Proxy usage is billed from your bandwidth quota, not your credits. There is no credit multiplier for enabling proxy routing.

Part 6: Scraping pages behind a login #

To access content that requires authentication, pass your session cookies as a raw cookie header string. Log in through your browser, open DevTools, copy the Cookie

header from any authenticated request, and pass it here.

job = spidra.scrape.run_sync(ScrapeParams(
    urls=[ScrapeUrl(url="https://app.example.com/dashboard")],
    prompt="Extract the monthly revenue and active user count",
    cookies="session=abc123; auth_token=xyz789",
))

Both standard cookie format (name=value; name2=value2

) and Chrome DevTools paste format work.
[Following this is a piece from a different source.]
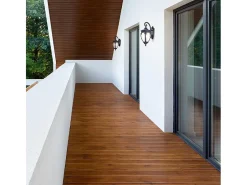 Maytoni Fleur Farol de pared exterior negro con oro, IP44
Cookies are passed ephemerally to the browser worker and never stored by Spidra.

Part 7: Stripping boilerplate with extract_content_only #

By default Spidra returns the full page content including navigation, headers, footers, and sidebars. If you only want the main content, turn on extract_content_only

. It strips the noise before the AI sees the page, which reduces token usage and keeps the result focused.

job = spidra.scrape.run_sync(ScrapeParams(
    urls=[ScrapeUrl(url="https://blog.example.com/long-article")],
    prompt="Summarize this article in three sentences",
    extract_content_only=True,
))

Particularly useful for article pages, documentation, and any page where the main content is surrounded by heavy navigation.

Part 8: Screenshots #

Capture screenshots of scraped pages for debugging, monitoring, or archival.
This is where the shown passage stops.